Syria, as a united entity, exists only on the map. On the ground, it is fractured between competing factions. By some estimates, up to 10,000 foreign jihadists, from over 60 countries, are today operating in Syria. These men haven’t congregated in Syria to topple Assad: they have gathered there to establish a theocratic state. Despite dictatorial rule, Syria has been the Middle East’s most enduring ethno-religious mosaic. One day in Damascus last summer, I breakfasted with a Sunni cleric, lunched with an Armenian Christian family, and had tea in the evening with a Jewish pensioner. None of them was free in the Western-sense of the word; but they had rarely witnessed the bigotry that religious minorities must live with in nearby Egypt. In the context of the Middle East, this means a lot.
Still, in the early months of the uprising many religious minorities joined in the demand for change. But soon, the rebellion became suffused with fighters sympathetic to or affiliated with al-Qaeda. The most formidable fighters among the opposition today are cut from the same ideological cloth as the men who drove the planes into the World Trade Centre on 11 September 2001. This is why religious minorities, particularly members of Syria’s ancient Christian community, have fled the territories controlled by the rebels. From Homs alone, 80, 000 Christians were “cleansed” by militant rebel forces. Beheading, a phenomenon unknown in Syria, is now a common form of punishment in some rebel-controlled territories. Alcohol is banned. Women have been forced into the veil.
I mention none of this to draw attention away from the savagery of the Assad regime: only to emphasise that there is hardly a “good” side in this conflict.
By intervening now to inflict limited punishment on Assad because chemical weapons have been used, the U.S. is erecting a precedent which could be exploited in the future by the more unscrupulous factions of the opposition looking to provoke further interventions. The knowledge that the West will intervene when chemical weapons are used will create an incentive for their reintroduction by those who would benefit from such an intervention. This template will produce deadly temptations. As the novelist Amitav Ghosh, who has spent long years studying insurgencies in Asia, has written, in civil wars “the very prospect of intervention” often becomes a stimulus for the “escalation of violence” by the weaker side.

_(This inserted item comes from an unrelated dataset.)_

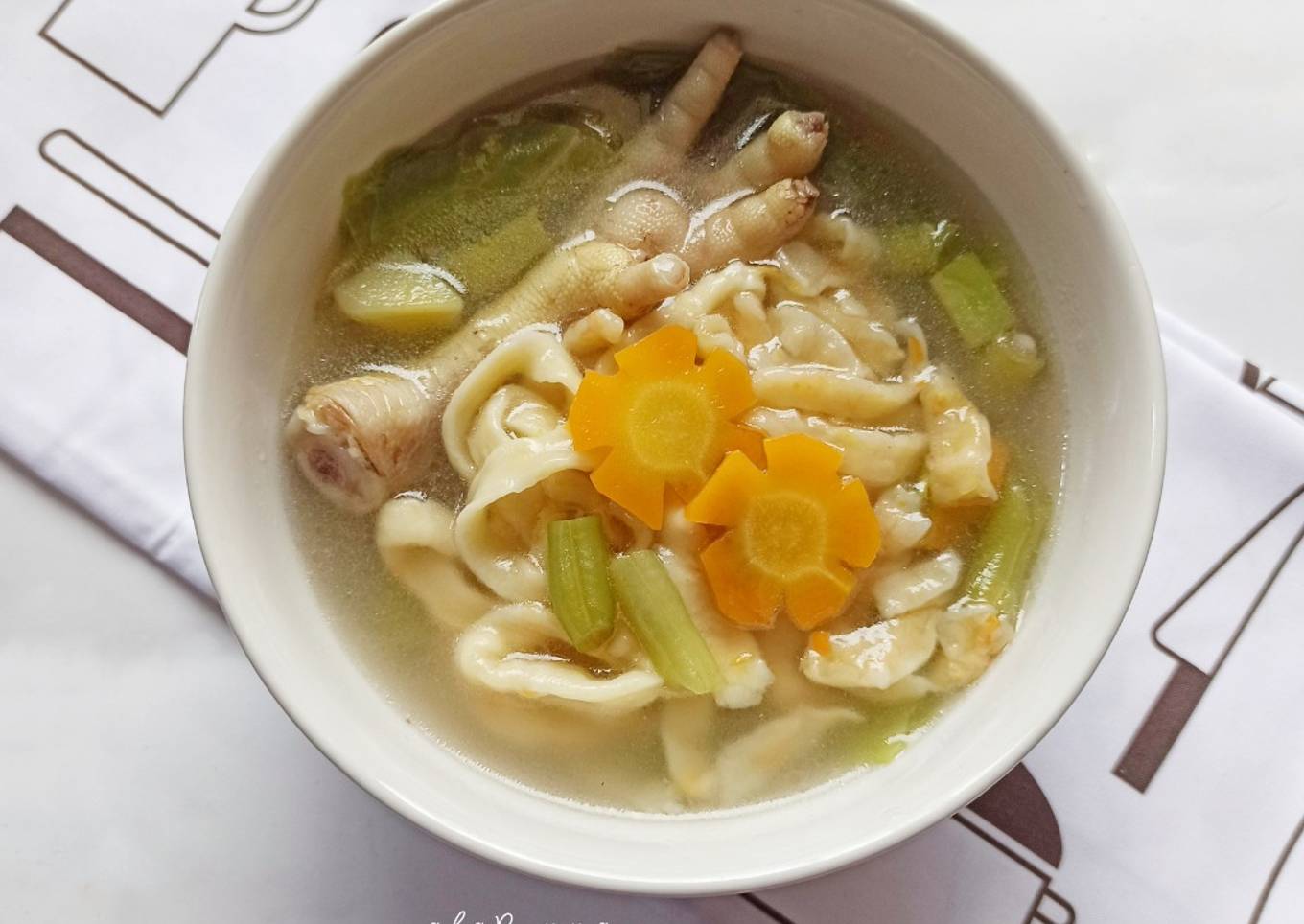 687. Mie Sop Ayam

So what will the U.S. do when it is next confronted with videos of fresh massacres by chemical weapons? Can it refuse to live up to the precedent it is now establishing if, say, 10,000 Syrians were killed in another chemical attack after President Obama’s first “limited intervention” has concluded? Will the U.S. continue to wage “limited strikes” every time there is an outrage – or will it eventually seek to overthrow Assad?
To rid Syria of Assad’s dictatorship and prevent it from falling into the hands of jihadists, the U.S. will have to commit itself to Syria for at least a decade – fighting the jihadists, subduing Assad and his allies in Hezbollah, and protecting Israel and preserving Lebanon’s fragile peace. Is there any appetite for this?
Intervening in Syria will perhaps pacify President Obama’s conscience. But in Syria, there’s every chance that it will escalate the conflict. Ultimately, limited engagement, by tantalizing the losing side in the Syrian civil war with a brief punitive entry on its behalf, will only hasten the creation of conditions that will eventually suck the U.S. back into the conflict.
Kapil Komireddi is a journalist based in London.